Humidity Effects on Thermal Atmospheric Transmissions: Study of Potential Effects of Small Hygroscopic Aerosol Particles in the Longwave Infrared Region

This study investigates small aerosol particles as a source of an imaging phenomenon observed in thermal remote sensing data. The phenomenon is characterized by degraded atmospheric transmissions in the thermal infrared while high transmissions (clear conditions) are observed in the visible wave-length region. This atmospheric anomaly has been linked to conditions of high environmental humidity. A hypothesis attributes the cause of this phenomenon to small hygroscopic particles (under the 200 nm diameter) which weakly scatter in the visible region, but may have (for high particle concentrations) sufficient absorption effects in the Longwave Infrared (LWIR).

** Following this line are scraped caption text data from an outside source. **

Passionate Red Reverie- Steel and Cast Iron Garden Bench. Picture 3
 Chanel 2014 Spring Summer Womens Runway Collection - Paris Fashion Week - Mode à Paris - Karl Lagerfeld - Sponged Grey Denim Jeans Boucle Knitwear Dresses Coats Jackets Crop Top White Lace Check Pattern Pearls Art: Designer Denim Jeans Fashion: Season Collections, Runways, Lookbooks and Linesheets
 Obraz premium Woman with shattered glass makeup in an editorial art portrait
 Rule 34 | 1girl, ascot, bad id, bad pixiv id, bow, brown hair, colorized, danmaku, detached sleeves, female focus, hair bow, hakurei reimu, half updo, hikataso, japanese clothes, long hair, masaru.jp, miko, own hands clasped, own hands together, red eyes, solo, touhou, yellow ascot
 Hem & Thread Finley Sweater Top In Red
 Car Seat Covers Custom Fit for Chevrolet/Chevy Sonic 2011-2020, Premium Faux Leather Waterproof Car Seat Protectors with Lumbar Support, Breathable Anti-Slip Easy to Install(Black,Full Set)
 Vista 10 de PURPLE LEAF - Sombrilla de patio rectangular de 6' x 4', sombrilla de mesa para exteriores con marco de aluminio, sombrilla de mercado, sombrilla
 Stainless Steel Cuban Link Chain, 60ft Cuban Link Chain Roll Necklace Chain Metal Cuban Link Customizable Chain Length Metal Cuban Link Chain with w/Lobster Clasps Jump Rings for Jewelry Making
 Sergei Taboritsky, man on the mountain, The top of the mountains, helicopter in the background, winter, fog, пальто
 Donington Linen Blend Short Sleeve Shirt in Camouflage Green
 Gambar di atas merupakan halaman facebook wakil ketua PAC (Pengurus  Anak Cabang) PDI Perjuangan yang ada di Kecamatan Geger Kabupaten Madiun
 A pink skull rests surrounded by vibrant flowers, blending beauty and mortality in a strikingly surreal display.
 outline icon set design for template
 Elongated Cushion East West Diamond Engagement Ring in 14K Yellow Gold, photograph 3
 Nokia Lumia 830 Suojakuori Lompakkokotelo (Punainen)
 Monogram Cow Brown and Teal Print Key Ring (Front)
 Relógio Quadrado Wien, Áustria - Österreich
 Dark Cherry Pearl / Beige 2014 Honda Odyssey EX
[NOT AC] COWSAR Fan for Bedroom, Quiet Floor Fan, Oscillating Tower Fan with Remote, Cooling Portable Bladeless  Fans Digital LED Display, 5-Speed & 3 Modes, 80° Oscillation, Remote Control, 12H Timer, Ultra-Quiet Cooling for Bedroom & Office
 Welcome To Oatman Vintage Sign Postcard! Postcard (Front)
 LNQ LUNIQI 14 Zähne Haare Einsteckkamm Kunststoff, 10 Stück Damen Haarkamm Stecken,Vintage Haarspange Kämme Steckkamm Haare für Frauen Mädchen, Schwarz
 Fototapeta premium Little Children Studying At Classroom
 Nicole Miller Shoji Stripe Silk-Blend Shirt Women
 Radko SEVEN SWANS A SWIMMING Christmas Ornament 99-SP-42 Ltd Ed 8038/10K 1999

We describe an experiment to test this hypothesis. The method takes a simple, but novel approach of using a suite of cameras to image an aerosol stream from a Harvard Ultrafine Concentrated Ambient Particle System (HUCAPS). Used primarily for toxicology studies of environmental aerosols, the HUCAPS has the ability to control and vary properties of humidity, temperature, particle size distribution, and number density of aerosol particle stream concentrated by this system. This gives a unique opportunity to image a controlled and well characterized plume of very fine aerosol particles and determine if any significant optical effects can be observed in the LWIR region.